_Task directions_.
Find the line with "Turtle crossing sign in blue sky" in the entries below, then output every line from it down to the line with "Welsh flag flying showing the red dragon of Wales.", exactly and with no pictures.
= = =
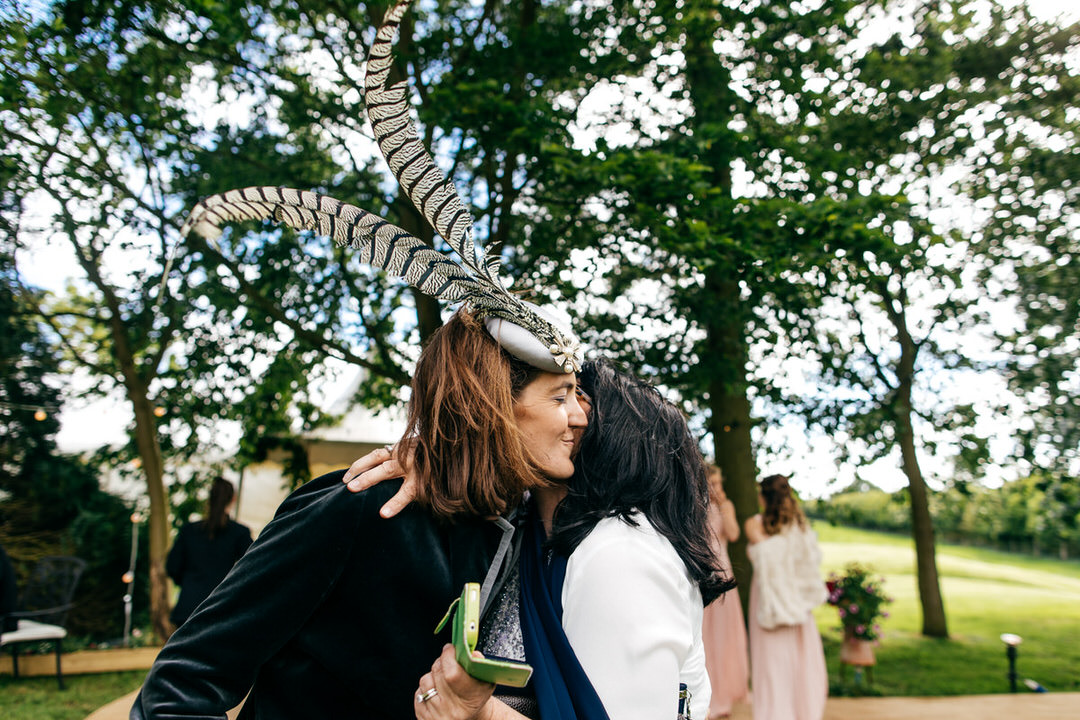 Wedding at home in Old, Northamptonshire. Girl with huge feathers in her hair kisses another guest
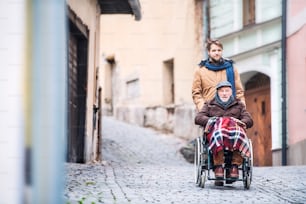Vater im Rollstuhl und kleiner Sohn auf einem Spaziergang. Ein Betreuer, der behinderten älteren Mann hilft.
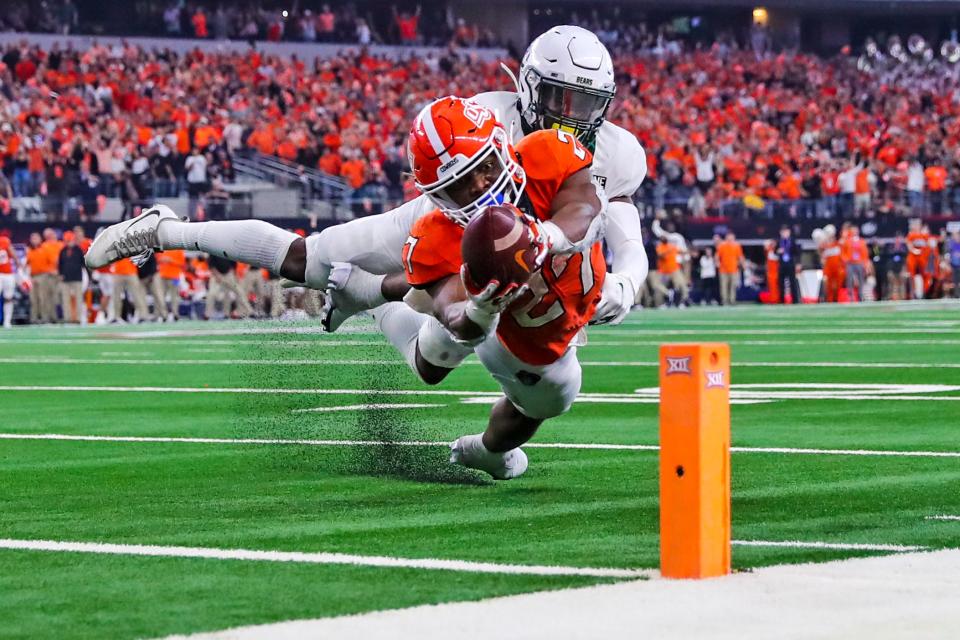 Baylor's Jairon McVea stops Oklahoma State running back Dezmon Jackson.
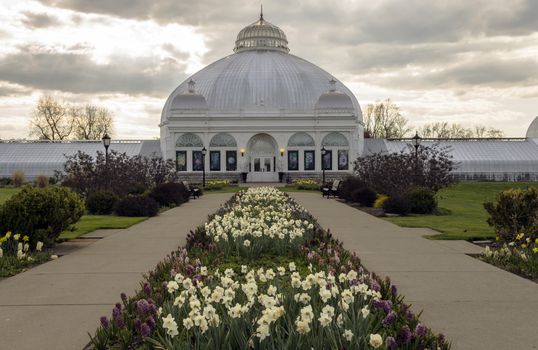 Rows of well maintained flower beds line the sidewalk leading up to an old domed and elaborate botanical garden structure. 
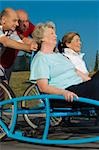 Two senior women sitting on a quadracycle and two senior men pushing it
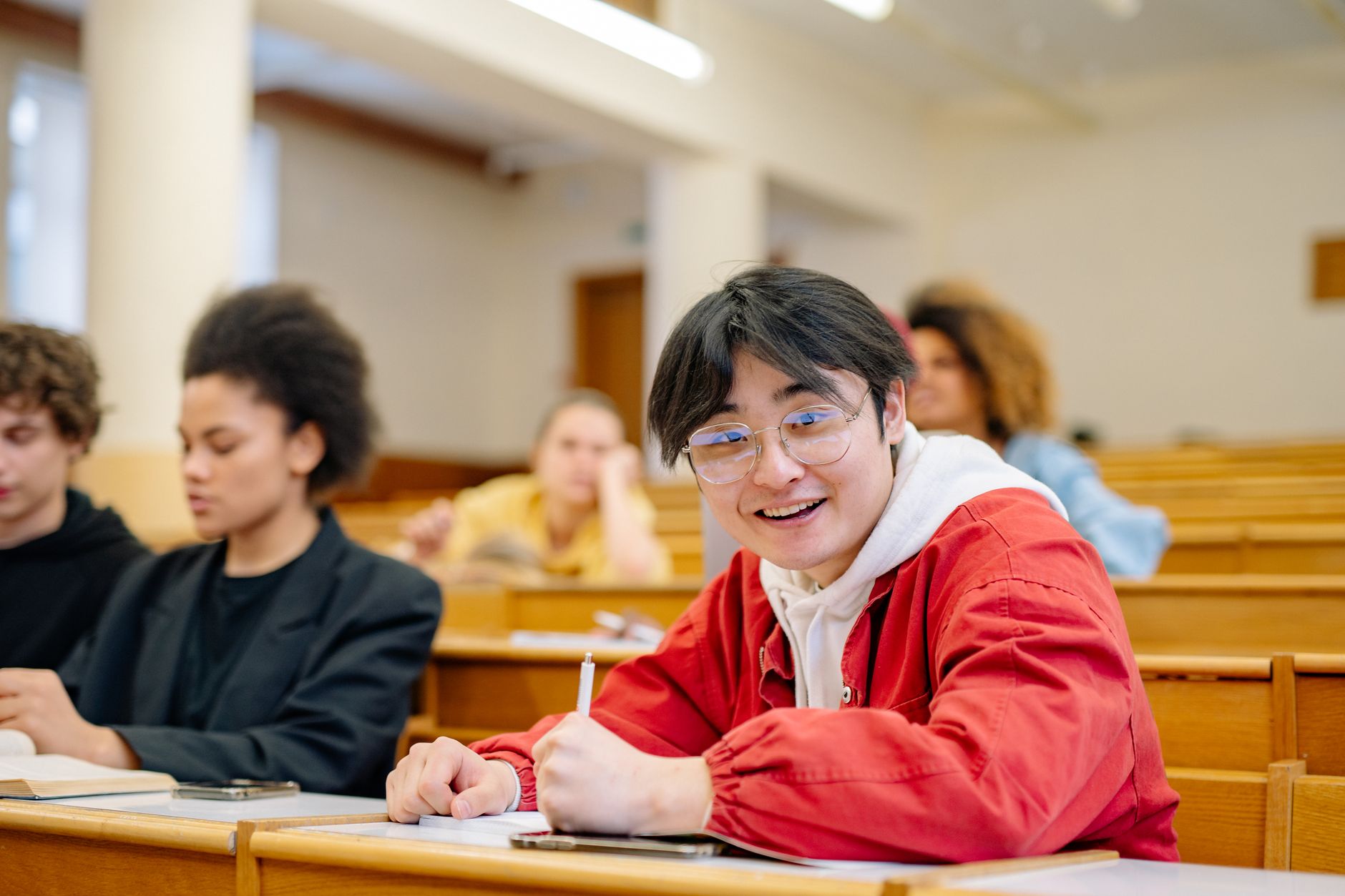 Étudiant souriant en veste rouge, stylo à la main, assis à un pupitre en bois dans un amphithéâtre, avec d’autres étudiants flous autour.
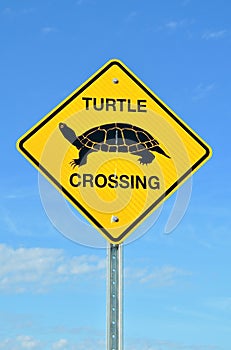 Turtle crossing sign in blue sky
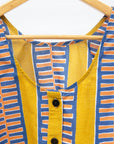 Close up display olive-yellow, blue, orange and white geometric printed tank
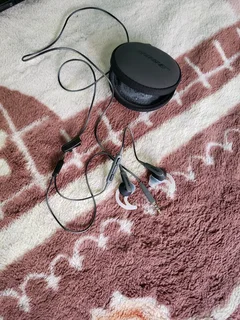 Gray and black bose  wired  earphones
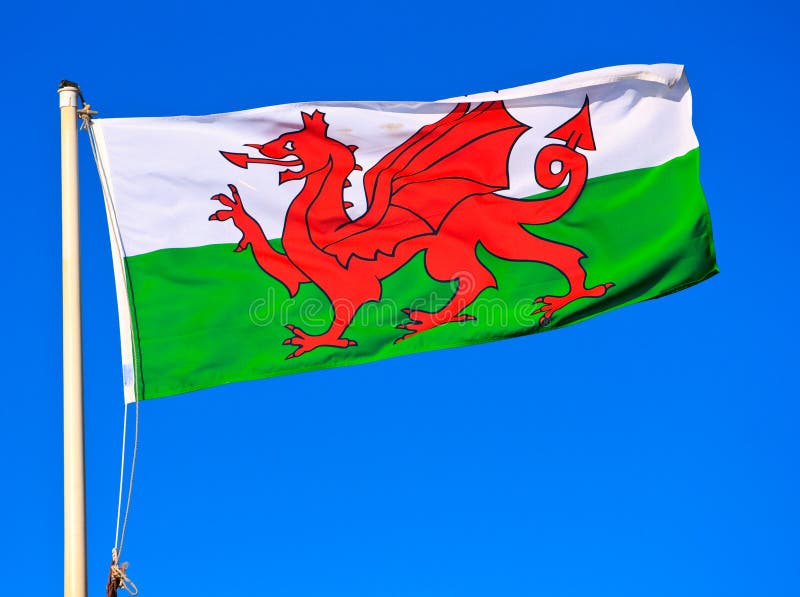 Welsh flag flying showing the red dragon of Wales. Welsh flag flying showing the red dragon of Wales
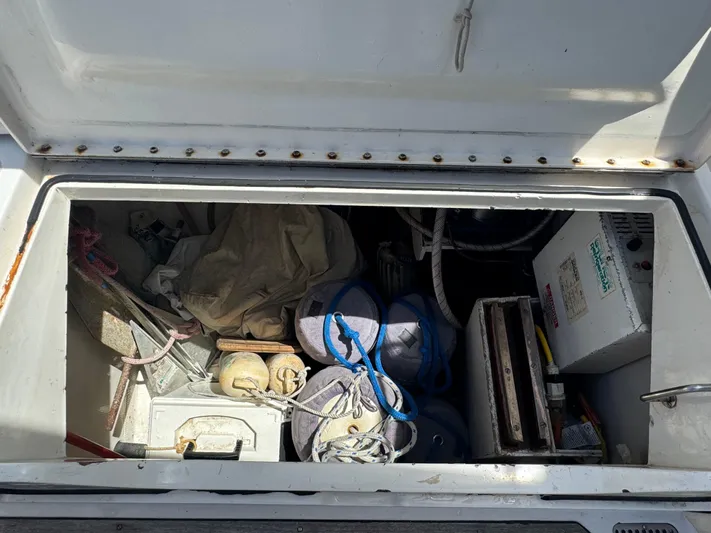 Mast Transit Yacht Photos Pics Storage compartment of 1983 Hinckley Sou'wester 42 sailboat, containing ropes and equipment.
= = =
_Your response_.
 Turtle crossing sign in blue sky
 Close up display olive-yellow, blue, orange and white geometric printed tank
 Gray and black bose  wired  earphones
 Welsh flag flying showing the red dragon of Wales. Welsh flag flying showing the red dragon of Wales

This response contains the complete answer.